We agree that it is usually the attorney who determines what steps are to be taken in the client's best interest. Gaines Reporting Serv., supra, 4 Ohio App.3d at 234 (citing Burt v. Gahan (1966), 351 Mass. 340, 342-343). There was evidence in this case, however, that Mr. Hurchanik was not determining what steps were to be taken in preparation for Ms. Carpenter's case. Ms. Carpenter named the individuals that she wanted deposed and stated that she wanted the individuals to be subpoenaed. In fact, Mr. Hurchanik testified that if he had been in charge of the litigation, the six individuals would not have been subpoenaed. Thus, Ms. Carpenter's argument that Mr. Hurchanik controlled the litigation is not persuasive.

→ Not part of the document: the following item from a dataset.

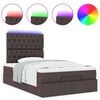 vidaXL Ottoman-Bett mit Matratze & LEDs Dunkelbraun 120x200 cm Stoff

Ms. Carpenter further argues that the trial court's decision is directly in conflict with the prevailing law in the Twelfth District as set forth in Janet's Reporting and Video Serv. v. Rauchman (May 29, 1990), Butler App. No. CA89-10-150, unreported. In that case, the attorney had contacted a court reporting service via telephone to arrange for a court reporter to attend a deposition. Janet's Reporting and Video Serv. v. Rauchman (May 29, 1990), Butler App. No. CA89-10-150, unreported, at * * 1. The court found that, because the attorney had ordered the depositions from the reporting service, the agreement had been reached between the attorney and the court reporting service and thus the attorney was liable for the stenographic fees. Id. at * * 2. In coming to this conclusion, the court stated, "[w]here an attorney orders transcripts of depositions, it is the attorney, not the attorney's client, with whom the reporting service deals." Id.

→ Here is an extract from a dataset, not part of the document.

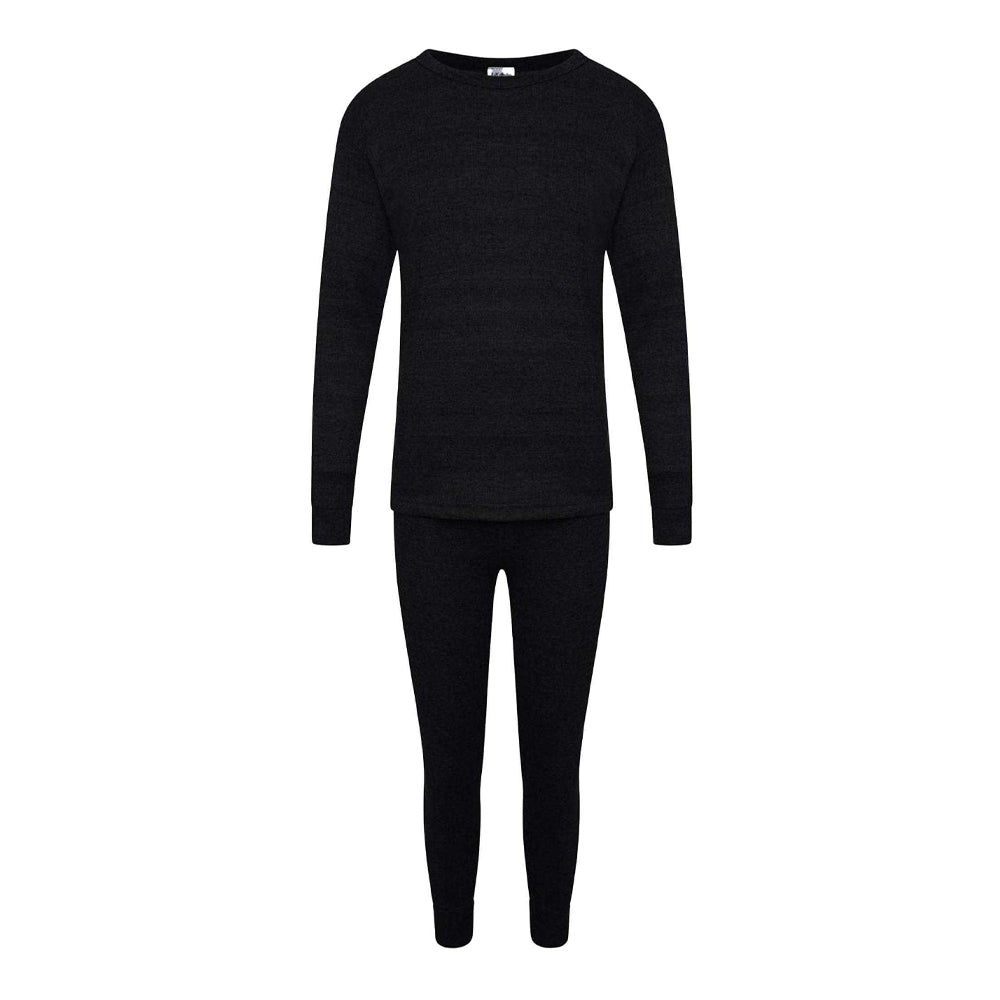 Black - Front - K Collection Childrens-Kids Long-Sleeved Thermal Base Layers Set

We believe that the facts of this case are distinguishable from the facts in Janet's Reporting. There is competent, credible evidence in the record to support the trial court's finding that Ms. Carpenter ordered the subpoenas and depositions. The record shows that in this case, unlike the facts of Janet's Reporting, Ms. Ingram was not initially contacted by Mr. Hurchanik to send the six subpoenas and attend the depositions. Instead, it was Ms. Carpenter who ordered Ms. Ingram to send subpoenas to the six individuals. We believe that the evidence supports the conclusion that the contact that Mr. Hurchanik's office had with Ms. Ingram was made simply to carry out Ms. Carpenter's orders rather than to initiate them. Thus, our disposition of this case does not conflict with Janet's Reporting.

Finally, Ms. Carpenter argues that the trial court's conclusion that she had created an oral contract with Ms. Ingram was against the manifest weight of the evidence. After concluding that the general rule of attorney liability for stenographic fees was inapplicable to this case, the trial court concluded that a unilateral contract existed between Ms. Carpenter and Ms. Ingram.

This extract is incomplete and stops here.